◆ **Task requirements**
Pictures are to be left out; otherwise, copy exactly the lines from the line containing "Luxe Floral Lace" through the end of the data.

BEGIN Material supplied

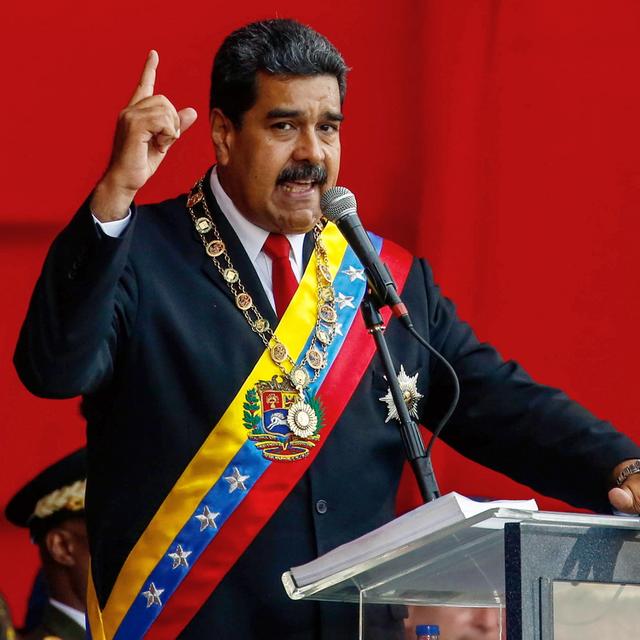 Le président vénézuélien Nicolas Maduro photographié lors d'un discours le 24 mai 2018 à Caracas. [CRISTIAN HERNANDEZ - EPA]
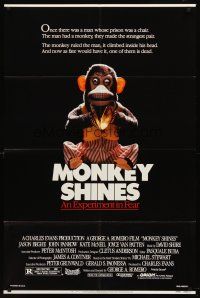 8c463 MONKEY SHINES 1sh '88 image of really creepy cymbal monkey, an experiment in fear!
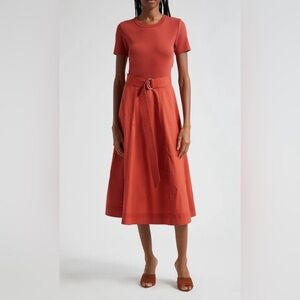 Veronica Beard Mixed Media Stretch Cotton Dress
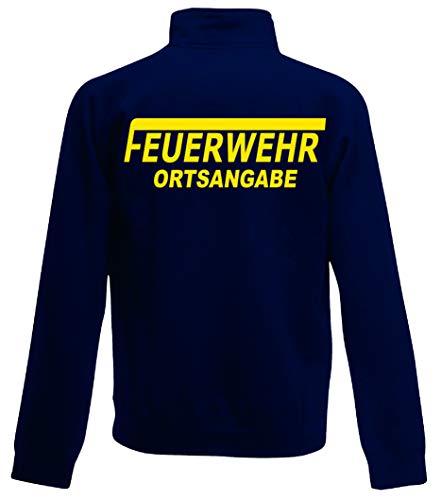 Feuerwehr Sweat-Jacke, Navy Blue, Bedruckt mit Neongelb oder reflexsilber (L, Neongelb) von Shirt-ideen.com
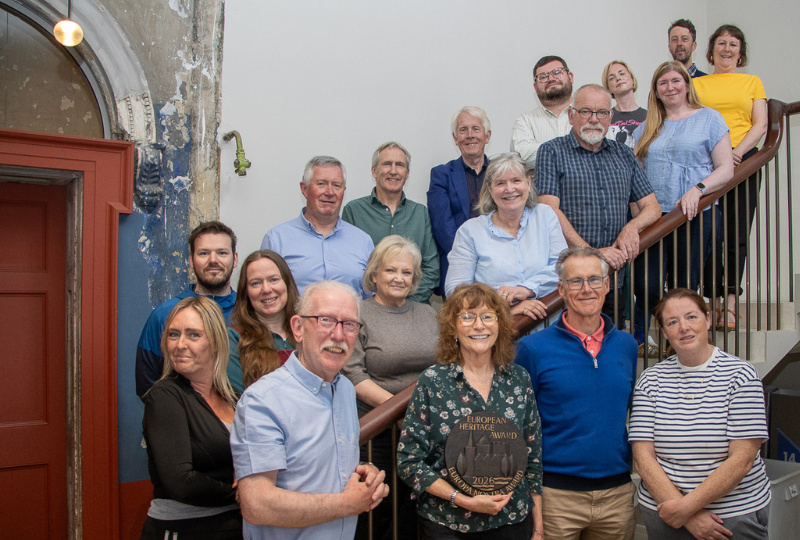 Members of the 14 Henrietta Street team mark the presentation of the European Heritage Award / Europa Nostra Award 2026 at the museum.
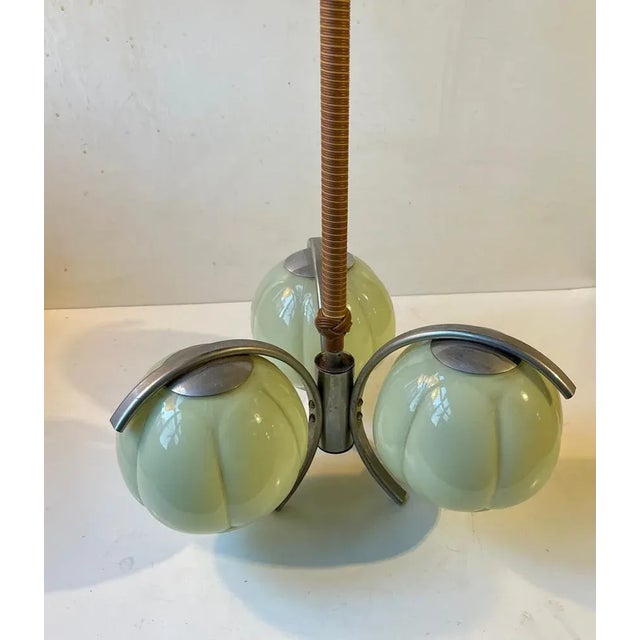 3-Armed Functionalist Ceiling Lamp with Light Green Shades, Germany, 1930s For Sale - Image 6 of 12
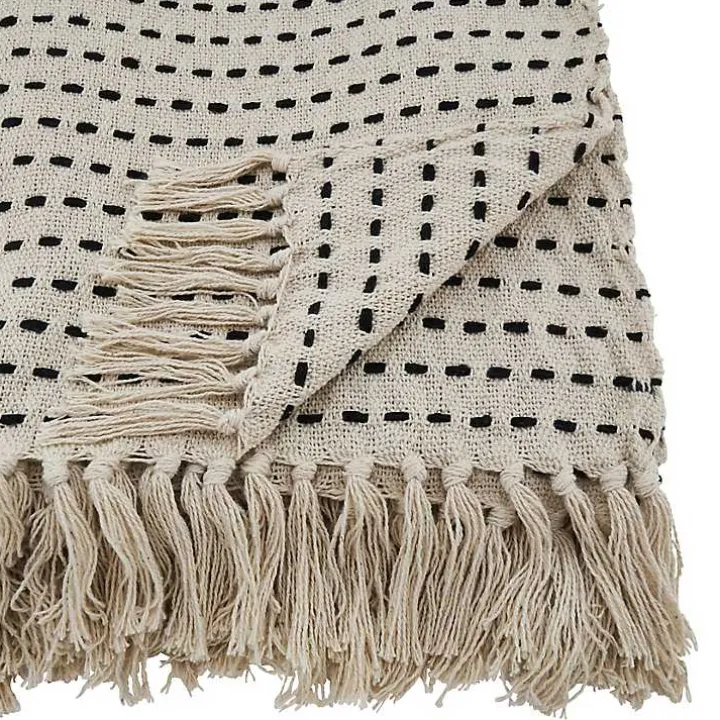 Cream Woven Dashed Cotton Throw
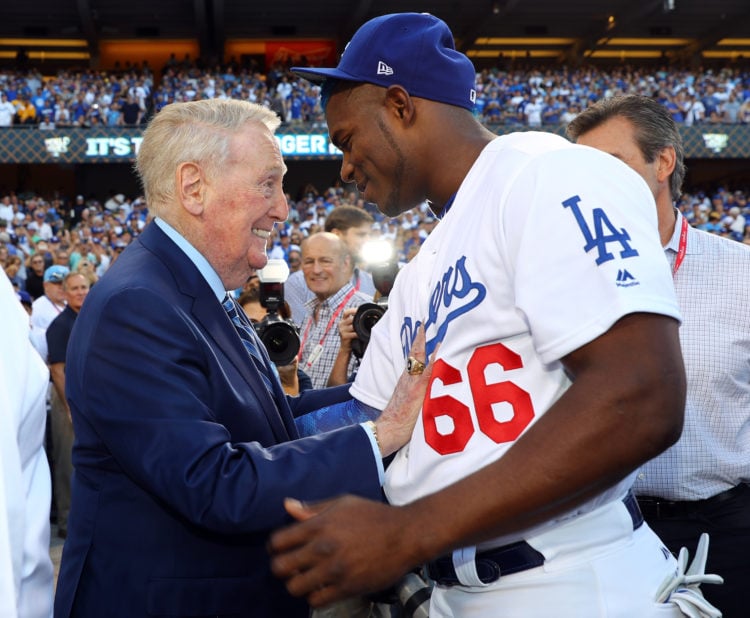 Yasiel Puig's touching tribute to Vin Scully after Hall of Fame broadcaster dies
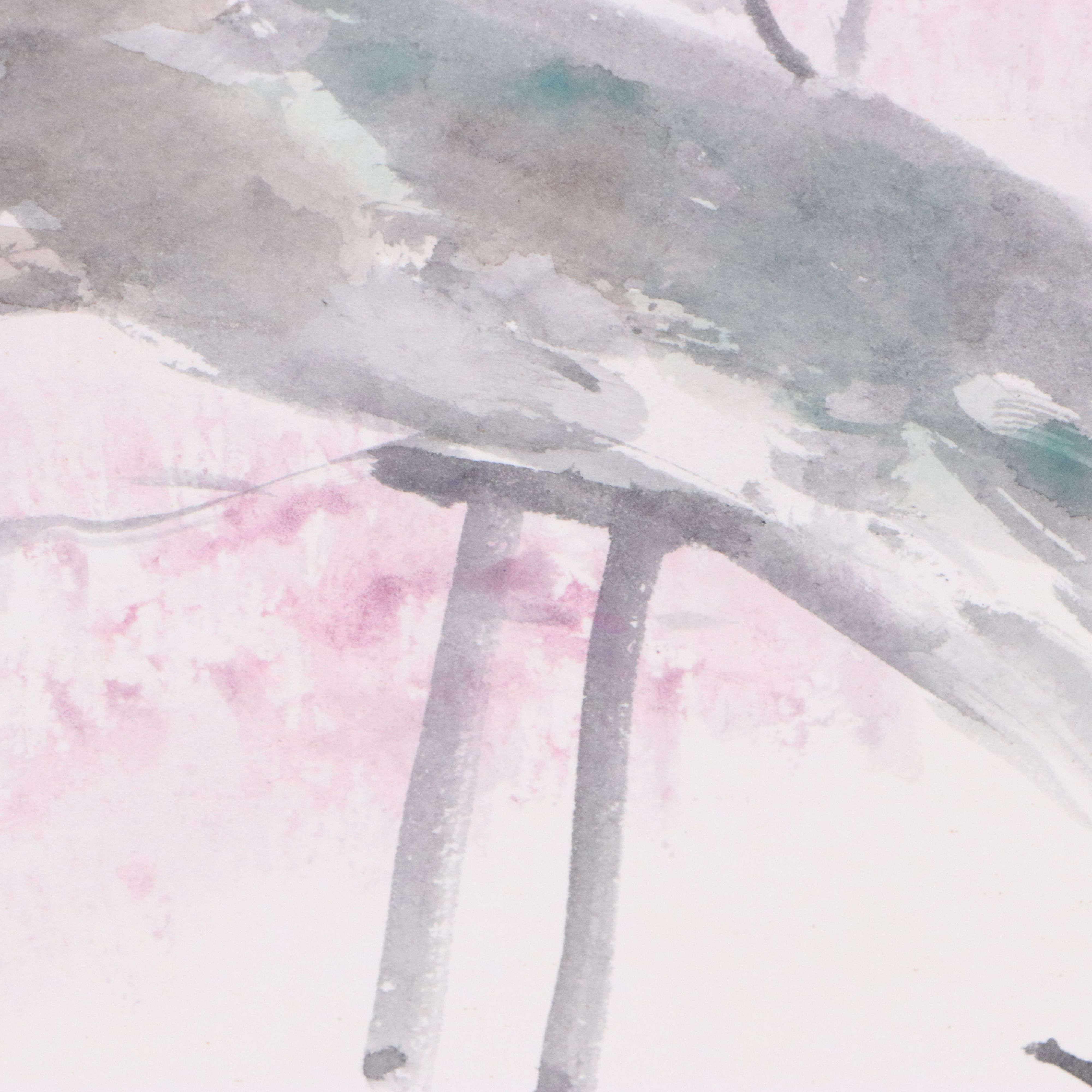 Japanese School Ink and Watercolor Paintings of Bamboo and Blossoms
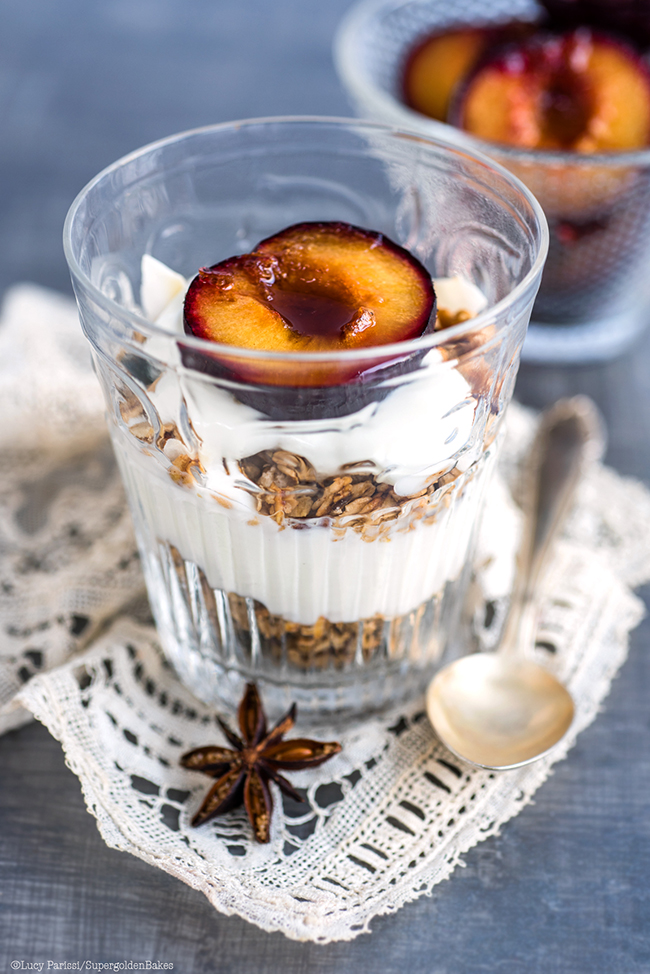 Homemade yoghurt with spiced roasted plums and granola
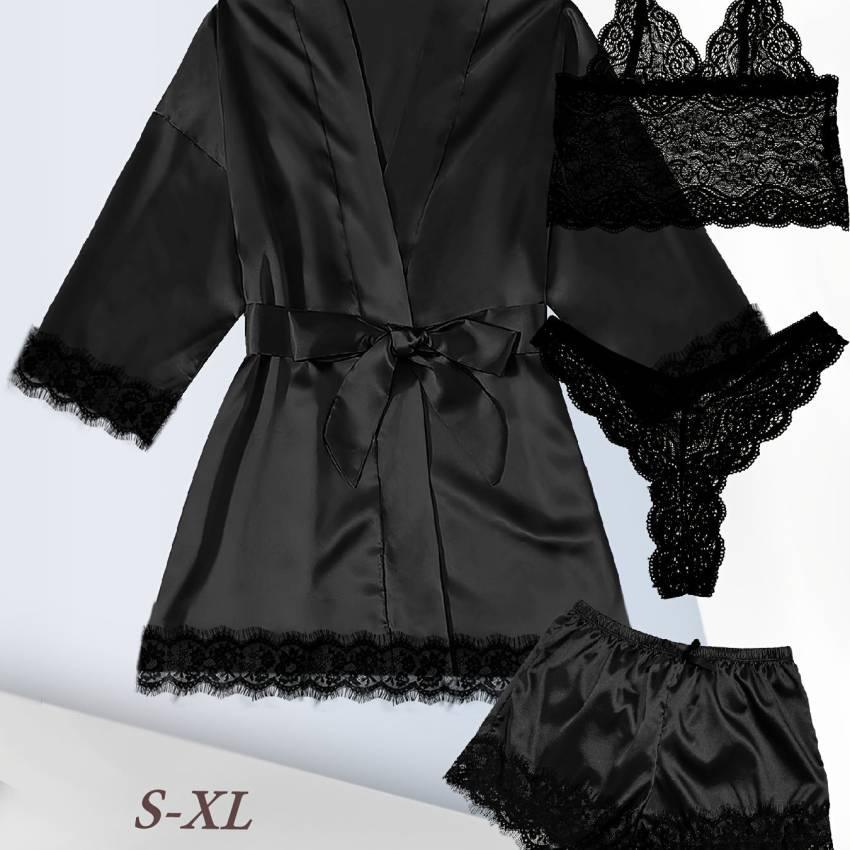 Luxe Floral Lace Satin Lounge Set - Soft and stylish robe with belt, V-neck camisole, thong and shorts - Image 59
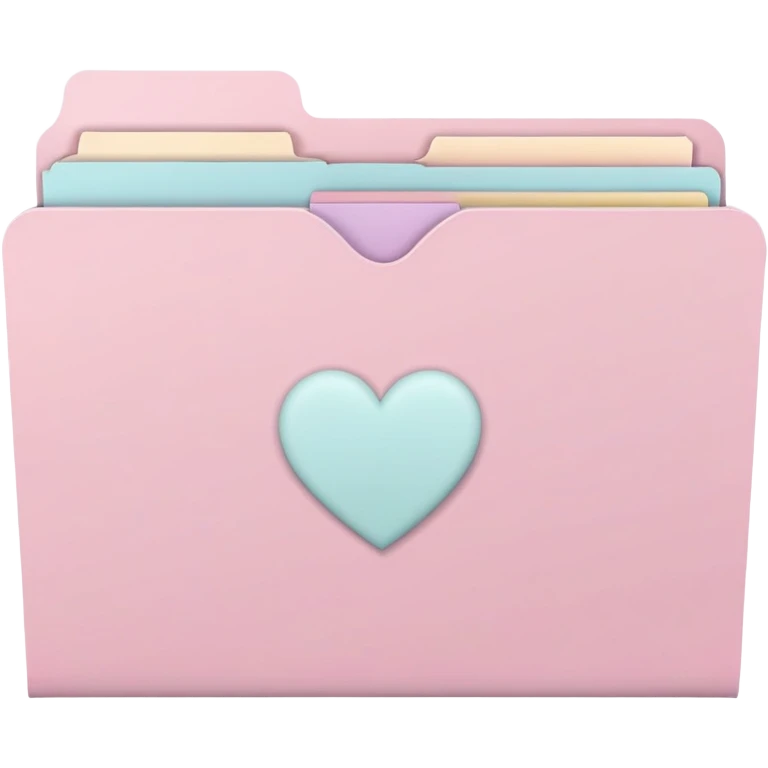 pastel file folder with pastel heart on cover  emoji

END Material supplied

◆ **Answer**
 Luxe Floral Lace Satin Lounge Set - Soft and stylish robe with belt, V-neck camisole, thong and shorts - Image 59
 pastel file folder with pastel heart on cover  emoji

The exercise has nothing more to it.